若い人には耳新しい存在なのかもしれないが、アルピーヌといえば、1970年代にはラリーなどのモータースポーツでその名を轟かせた、フランスきっての名門スポーツカーブランドである。
なかでもスタープレーヤーとしての人気を誇ったのが、1963年に登場した「A110」。RR(リアエンジン・リアドライブ)というポルシェ911と同じ個性的な構造から、モーターファンたちの間ではしばしば仏独の好敵手と目され、注目を集めてきた。そんなアルピーヌが紆余曲折を経てついに蘇り、昨年から日本でもローンチされたのだ。
蘇ったモデルの名前は往年のスタープレーヤーと同じ「A110」であり、独立型の4灯式ヘッドランプをはじめとするデザインボキャブラリーもオリジナルを継承するが、その内容は大きく異なる。復刻したのはその名前とレガシーであり、中身は最新鋭のテクノロジーの粋を集めたものとなっている。
ライトウェイトスポーツの鑑
低く構えた流麗かつアグレッシブなスタイルは、まさにスポーツカーそのもの。構造は、かつてのRRからMR(ミドシップエンジン・リアドライブ)へと変更。1.8L直4ターボエンジンは、最高出力252psを叩き出す。全長4205×全幅1800×全高1250mm、車両重量1110kg(A110ピュア)、1130kg(A110リネージ)というライトウェイトスポーツの鑑というべきもので、年々車体サイズが大きくなっていく自動車業界にあって、清々しいほどの割り切りとして好印象を受ける。
人も荷物も載って、高速道路もオフロードも走れる――そんなコンセプトのSUVが全盛の昨今、運転して純粋に気持ちのいい車を、その輝かしい伝説に重ねて蘇らせてくれたことに、感謝の念すら覚えるほどだ。
乗員数は2名だから、これ1台では3人以上の家族旅行にも行けないし、サーフボードもBBQセットも載せられない。不便な点はいろいろあるが、それゆえの走りに対するピュアな情熱が、この車をあらゆるディテールから形づくる。リアに向けて深く絞り込まれたサイドラインと、尻下がりのショルダーライン。無駄な贅肉を微塵も感じさせない造形は、停まっていても疾走感を漂わせる。
レーシーな仕様が昂ぶらせる、質感の高いインテリア
中に目を向けると、フローティング式のセンターコンソールや、ダイヤ柄ステッチの入ったサベルト社製フルバケットシート、センターステッチの入ったフラットボトムステアリングなど、随所に盛り込まれたレーシーな仕様が走る前から心を昂ぶらせる。

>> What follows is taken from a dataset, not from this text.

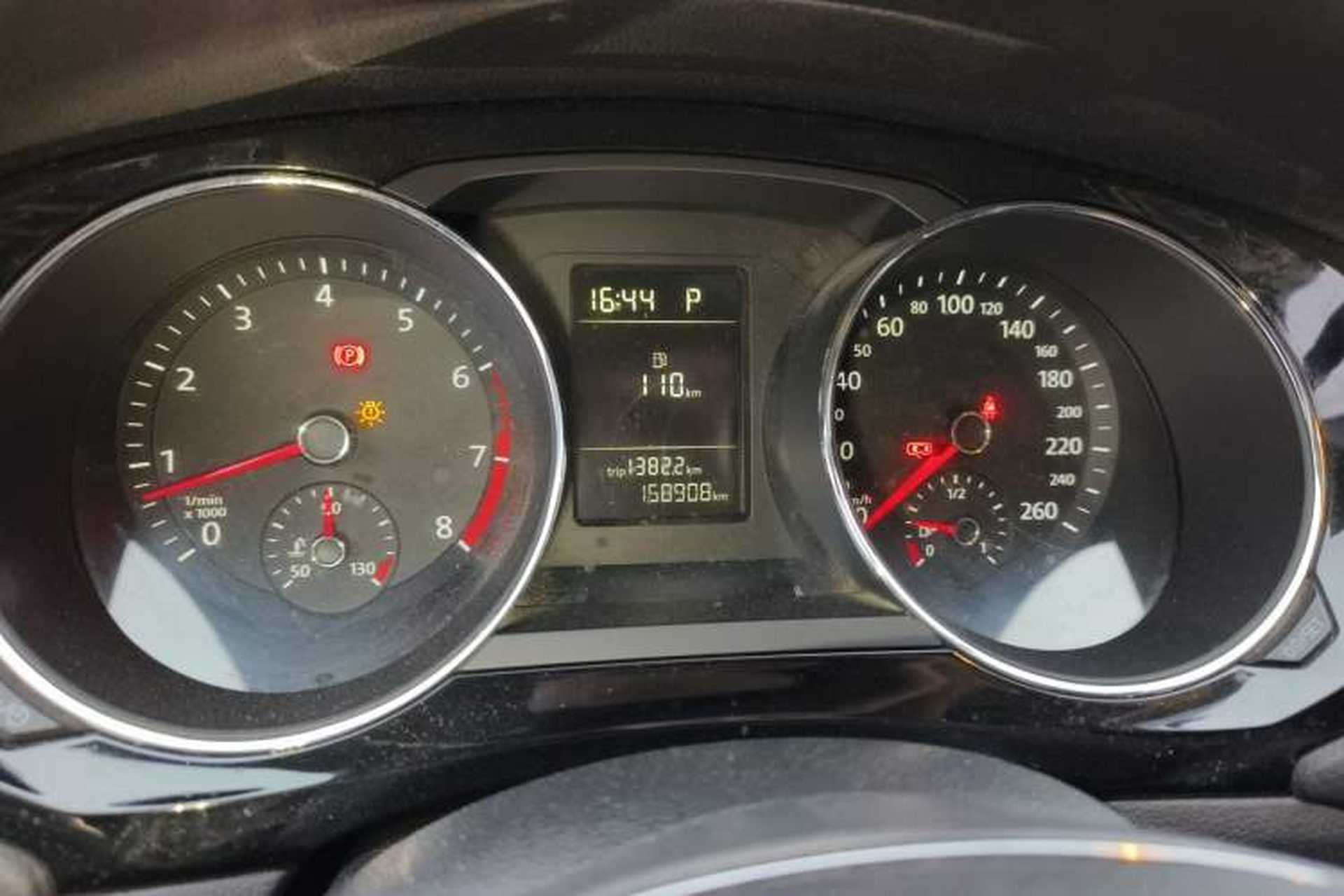 Used Volkswagen Sagitar 2017 230TSI Automatic Comfort Version Odometer Close Up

ドアの内張りに採用したトリコロールは、フレンチスポーツとしてのアイデンティティを誇らしげに主張する。
「A110」には、そのサイズゆえちょっとした工夫や手間は必ず必要になる。だが、それを面倒と思わせないだけの魅力がある。個性がある。ほかの何にも似ていない、唯我独尊の存在。「誰とも被らない自分」を目指す男には、これ以上の選択肢はないだろう。